Obviously it makes no sense….But certain bits like- the drive to college, the journey back home, the flag on the tower, all these are activities I dread doing. What’s more for a CHANGE, I DIDN’T FALL from the building. And it was then that I told myself that finally it was time for self-introspection. Perhaps things will start brightening up. Perhaps I will grow as a more confident person from now on.

Convinced that the dream was an indication that that I had overcome my phobia for heights and deriving my own meanings from it, I ran a Google search on ‘dream interpretations’. I bumped into this website- http://www.dreammoods.com/
I cannot comment on its authenticity, but believe me the interpretation it offered to my dreams was an apt description of my personality. I also realised that ‘falling’ is one of the commonest dreams that most experience. I was so excited that I decided to further explore on the common themes my dreams are based on. Like snakes all over my ceiling, or me stranded in the middle of the road to name a few.
I am indeed amazed. On reading all that, I was taken back to a time when I used to stay in Madras.That was more than a decade back! On most occasions I have a faint memory of my dream when I wake up in the morning. However, that day was different. I must have been 5-6 years then. I woke up crying and clinged to my parents who were lying next to me on my bed. They began comforting me, as I began recounting what for me was nothing less than a nightmare!

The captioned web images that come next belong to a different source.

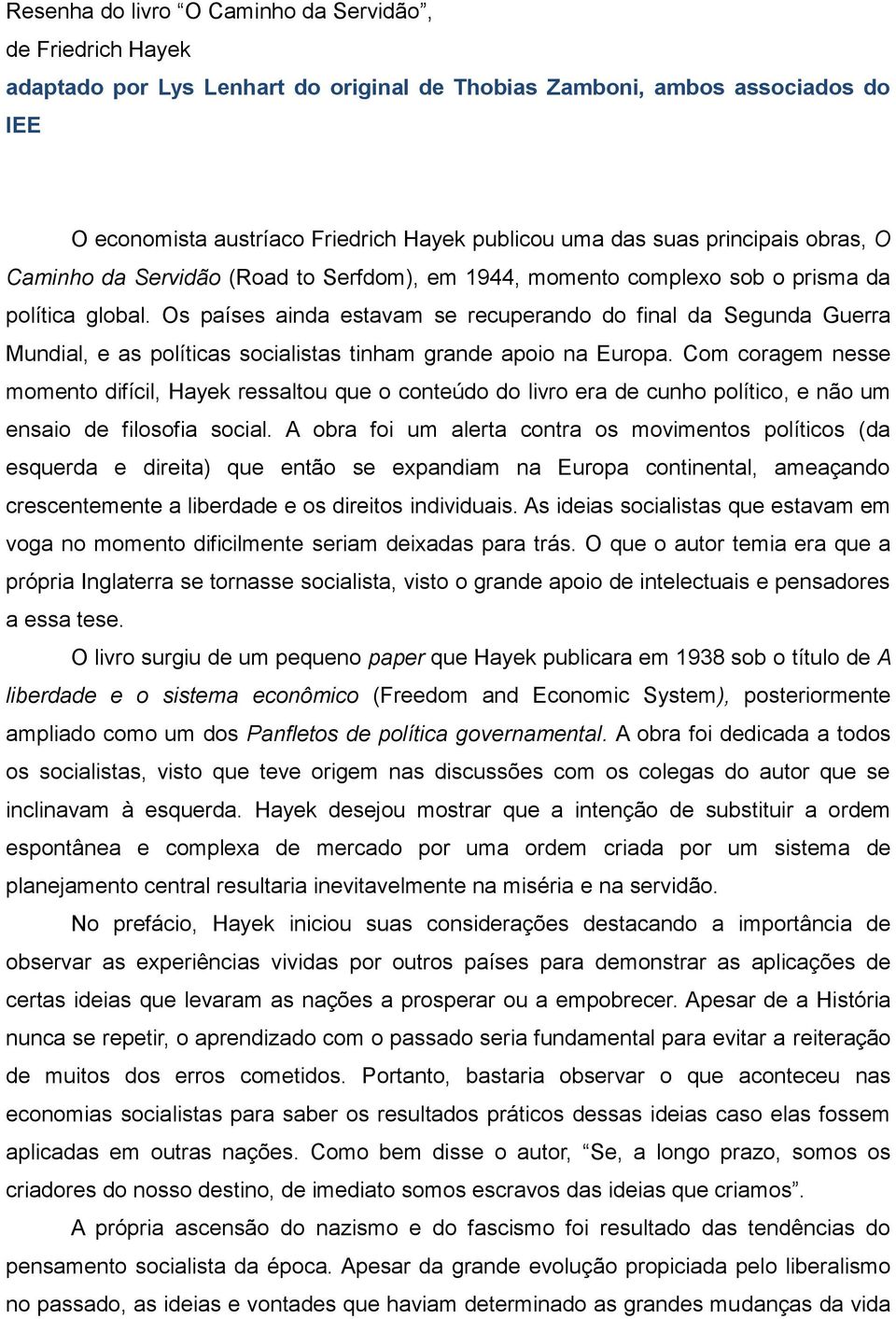 Os países ainda estavam se recuperando do final da Segunda Guerra Mundial, e as políticas socialistas tinham grande apoio na Europa.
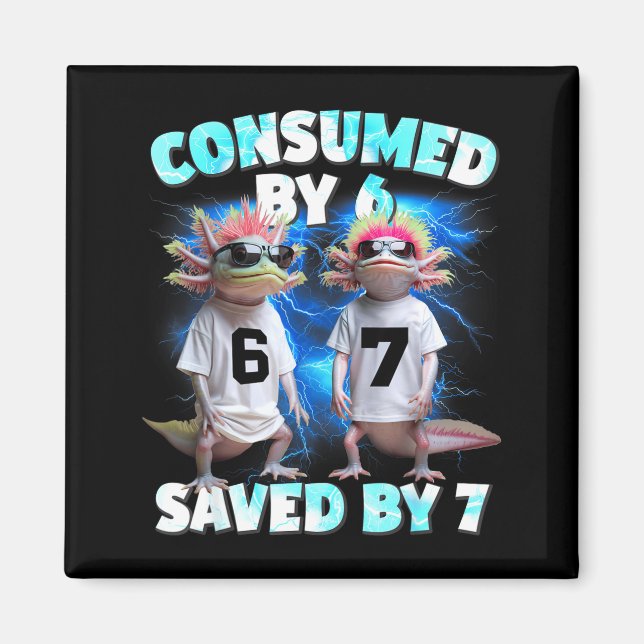 Axolotl Prophecy – Consumed By 6, Saved By 7  Magnet (Vorne)
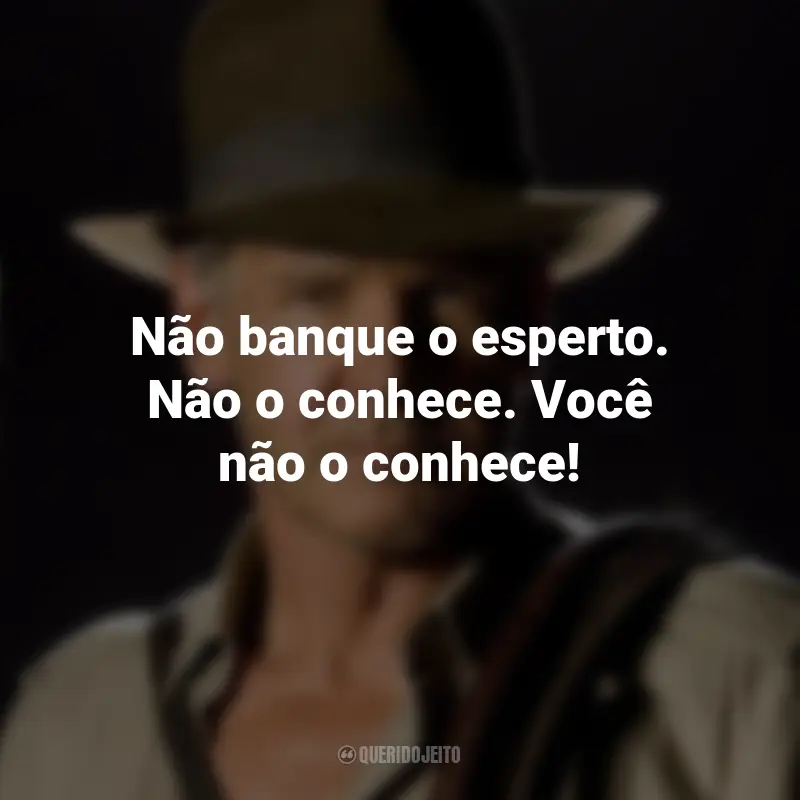 Frases do Filme Indiana Jones e o Reino da Caveira de Cristal: Não banque o esperto. Não o conhece. Você não o conhece!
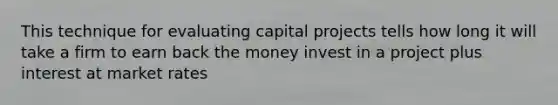 This technique for evaluating capital projects tells how long it will take a firm to earn back the money invest in a project plus interest at market rates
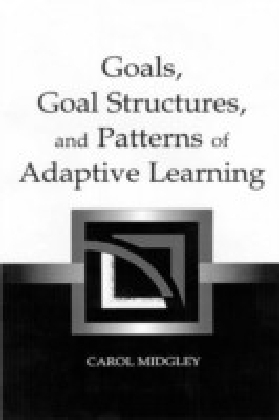 Goals, Goal Structures, and Patterns of Adaptive Learning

“I am in a familiar place. Then I draw water from the well, and decide to sprinkle it on the huge tree that I see next to me. And instead of the roots, I attempt to throw water on the top most tip of the tree. And as I am doing this the steel pot falls on my toe injuring my finger as it turns blue"

On listening to this, my parents pacified me by saying that “Day dreams never come true”. But somehow that nightmare remained etched in my memory for a long time. And about five years later the exact incident occurred while I was vacationing at my aunt’s place. And there was a blood clot on my left toe. I suffered the excruciating pain by applying the pain balm Iodex. A year later, Navratri celebrations were in full swing at Mumbai, where I was residing then. I prayed to the Goddesss that the blue nail on my left toe, half broken, comes out on its own. And Lo!!!!my prayers were answered almost immediately. I went home, washed my legs and suddenly the blue nail was out leaving way for a more pedicured white one!


Ever since that day, I have wished for ‘sweet dreams’. At times I get really bizzare dreams. Dreams that have been influenced from the day gone by. Dreams I wish never come true. I dose off to a good day’s sleep as my insecurities, my fear, my anxieties all play out in my thoughts. For instance, if I get a dream that I am not able to think as I am answering a question in my examination room, I strive to study harder.

There must be something to those dreams which try telling us what we often tend to overlook. What we so fear to accept. What we so find difficult to confront-Our Future… Hmm…as I conclude all I can say is go ahead..and see if you can unlock those hideen mystries to your dreams:)

2 comments:

Anonymous said...

I really loved the vague rawness of this piece...its written straight from the heart...wud be waiting for more such stuff

Reena Manjrekar said...

Thanx for your comments...hope u checked that website and found an interpretation to your dreams!